Vibrations in matter. That is how we usually define sound. When playing the guitar, you strum a string, and it swings one way. The pressure is applied on the surrounding molecules and high pressure is created around the string. When the string swings back, the high pressure transforms into a low pressure zone. The pitch is defined by how many swings are made per minute. Here comes the term „frequency“. The frequency depends on the number of high and low pressure waves made within one second.

The purpose of the microphone is to converts the high and low pressure waves within the area where microphone takes effect. Microphone varies its voltage output accordingly. This is called an analog sound. The term “analog” has come from the fact that this voltage output is an analogue to the original sound waves.

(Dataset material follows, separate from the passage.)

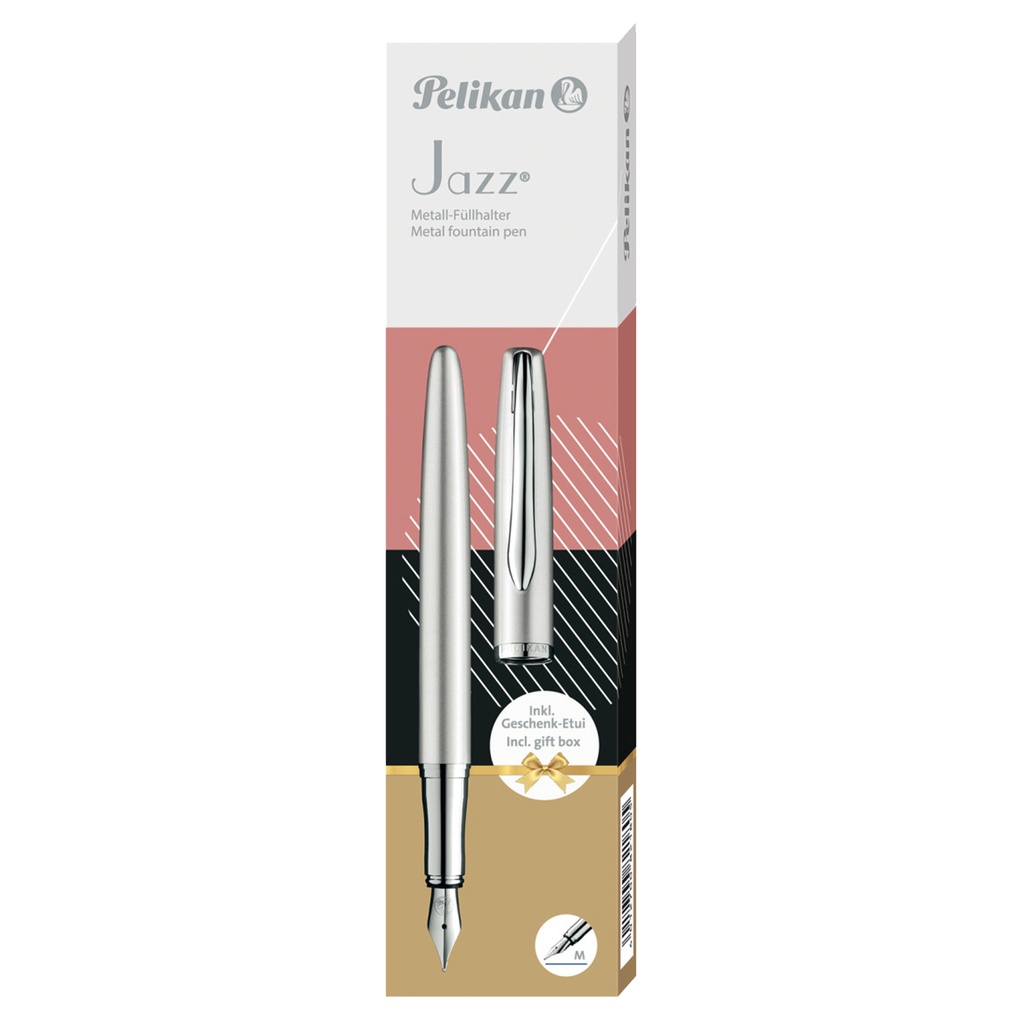 Stilografica Jazz Noble Elegance silver Pelikan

Digital sound is quite different as you might have suspected. In order to receive digital sound there must be analog to digital converter working on the other end of the circuit. This converter takes periodic snapshots of the voltage levels coming from the microphone. The new term “sample” may be introduced here. Samples are these snapshots taken from the microphone.

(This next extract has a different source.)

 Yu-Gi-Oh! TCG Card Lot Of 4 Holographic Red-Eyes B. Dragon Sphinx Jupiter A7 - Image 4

This is possible to draw a parallel of digital audio and film. The rapidly moving sequence of still images is what we see in the movie. If few frames are shown per second, the flow of the movie would be less adequate, more roughly. Digital audio works by the same principle. Single snapshot of a movie is represented in a digital audio by a sample. Samples may be reproduced various ways. Each frame has a size and so does sample. In 16-bit digital audio each sample is a single 16-bit integer which value is ranged from –32768 through 32767. This number represents the amount of voltage of an analog sound for the same noise. In digital audio frequency is measured in hertz. Quality sound is 16-bit 44100Hz, or 44.1kHz.

Sixteen bits is usually not enough to represent a sound, and many musicians deal with the problem of this small size when modifying digital audio. When you apply effect on a sound, this can be viewed as solving a complex mathematical problem applying the solution on the series of samples. Every time you effects are applied on 16-bit integers, 3dB of sound are lost in the area where application took place. This math experiments with 16-bit integers usually lead to a lot of rounding and this is when the sound is lost. You may also lose sound at the upper end when samples start to clip, or when the 16-bit integer is unable to represent the high voltage of analog sound.

There are sound editing programs that are capable of retaining the fidelity of digital sound by using a 32-bit floating point numbers within the program. Floating point is defined as “representing decimal numbers in a computer that only understands integers”. When working with 32 bits for floating point number, some of those bits represent a number on the right side of the decimal place, and some represent a number on the left. When putting these two parts together a number like 2.2897 will appear. This method is very helpful if you are not satisfied with rounding decisions while applying effects to the sound. This does not exactly mean that processing in a 32-bit float system is lossless, yet this way you can minimize this losses so much that human ear would be unable to detect that the quality has worsened.